Groups of 26 male and 26 female (F0 parents) weanling HsdRCCHan:WIST rats were fed diet containing 0 (control), 100, 500 or 3000 ppm test substance. After 10 weeks, the animals were mated and allowed to rear the ensuing F1 litters to weaning. The breeding programme was repeated with the F1 parents selected from the F1A pups to produce the F2A litters after a 10- week pre-mating period. Test diets were fed continuously throughout the study. For each parental generation the following were assessed: growth clinical condition, reproductive function, mating behaviour, conception, gestation, parturition and lactation. For pups growth and development of the pup were determined.

The number of F0 and F1 animals failing to survive to scheduled termination was very low and the incidence was unrelated to administration of test substance. There were no treatment-related clinical observations. Body weights were statistically significantly lower than control in F0 and F1 animals in the 3000 ppm group throughout the pre-mating, gestation and post partum periods. The maximum difference was 10 - 14 % below control values. Food consumption was also reduced. There were no effects on the length or pattern of oestrus cycle, pre-coital interval, gestation length or the proportion of successful matings in F0 or F1 parents. There were no effects on proportion of pups live born, whole litter losses, pup survival, anogenital distance, pup sex distribution or pup clinical observations. The number of implantations and litter size were lower than control in the 3000 ppm group during production of the F1 litter. However there was no evidence of a similar effect in the F2 litters. Therefore the differences observed in the F1 litter were considered to be unrelated to administration of test substance. F1 and F2 male and female pup body weights were reduced from day 15 onwards in the 3000 ppm group. The maximum difference from control was day 22 where values were between 14 and 21 % below control. There was no effect on pup body weight in the 100 or 500 ppm groups. F1 males and females in the 3000 ppm group had a slight delay in preputial separation (2.3 days) or vaginal opening (2 days) which was considered to reflect the lower body weights in this group. Hepatocyte hypertrophy was observed in the liver of F0 and F1 adults receiving 3000 or 500 ppm test substance but not in any animal receiving 100 pm test substance. Liver weights were increased in F0 and F1 males and females receiving 500 or 3000 ppm.

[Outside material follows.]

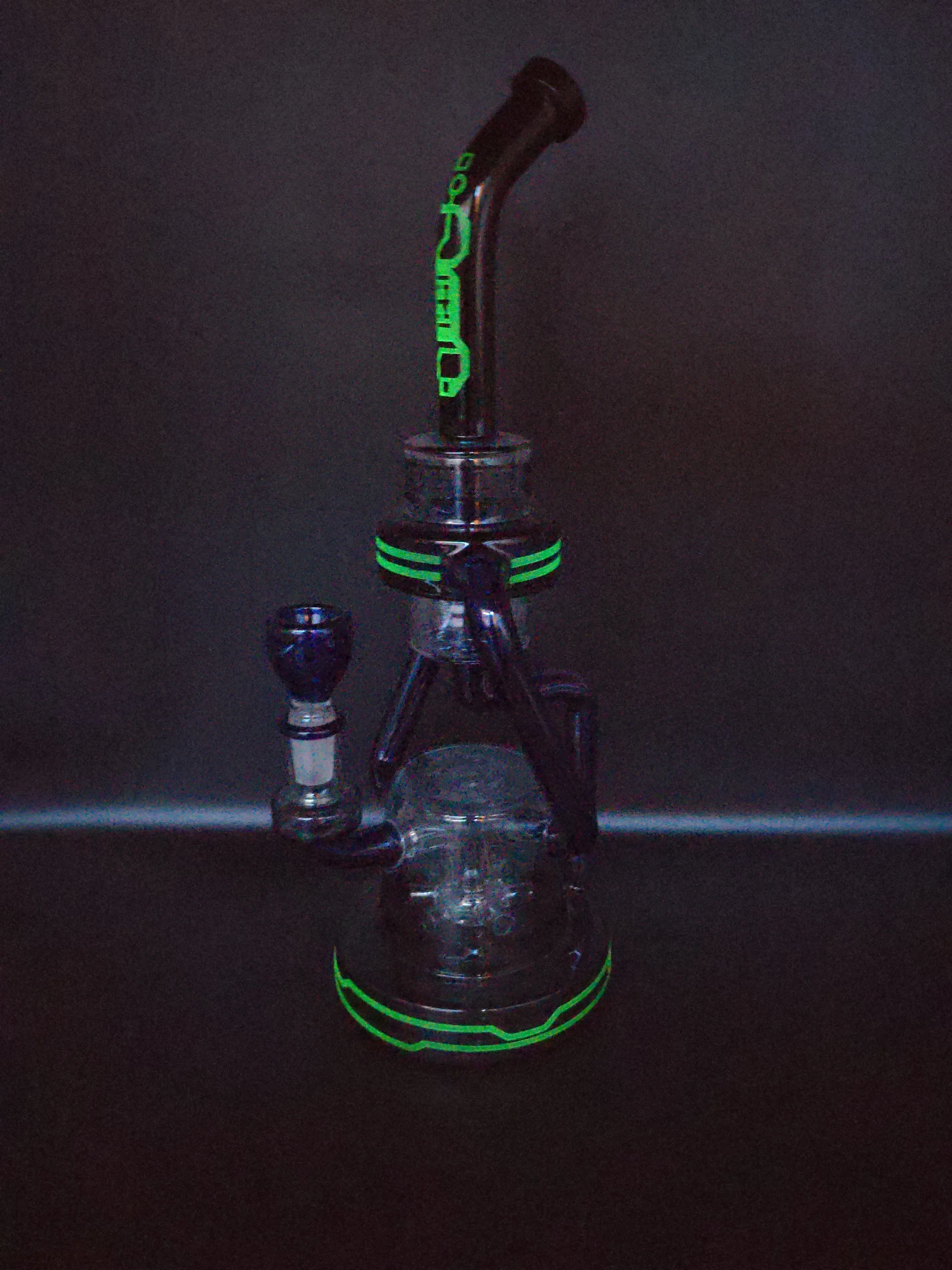 12 Hemper Cyberpunk XL Glass Bong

There were no adverse effects on sperm motility, epididymal sperm number or sperm morphology. The number of homogenisation resistant spermatids in the right testis of F0 and F1 males in the 3000 ppm group was lower than control, however the mean values obtained were well within the historical control mean values. Liver weights were increased in F1 and F2 pups in the 500 and 3000 ppm groups.

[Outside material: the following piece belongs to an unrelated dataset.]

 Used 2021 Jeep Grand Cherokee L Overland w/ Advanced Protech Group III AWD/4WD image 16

Dietary administration of 3000 ppm test substance for two successive generations did not result in any effects on reproductive performance. There were no microscopic changes seen in the reproductive system that could be related to the test substance administration. There was clear evidence of toxicity at a dose level of 3000 ppm seen as decreased body weights and food consumption. The liver was identified as the target organ and hepatocyte hypertrophy and increased liver weights were observed in the liver of F0 and F1 animals. Liver weights were also increased in F1 and F2 pups. At a dose level of 500 ppm body weights and food consumption were decreased in adult females, hepatocyte hypertrophy and increased liver weights were observed in the liver of F0 and F1 animals and liver weights were increased in F1 and F2 pups. There were no adverse effects at a dose level of 100 ppm in adults or pups. This was equivalent to a received dose of 8.3 to 10.2 mg/kg bw/day during the pre-mating period, mean value 9.3 mg/kg bw/day. The no observed adverse effect level (NOAEL) for effects on reproduction was 3000 ppm, the highest dose used. This was equivalent to a received dose of 250 to 301 mg/kg bw/day during the pre-mating period, mean value 279 mg/kg bw/day.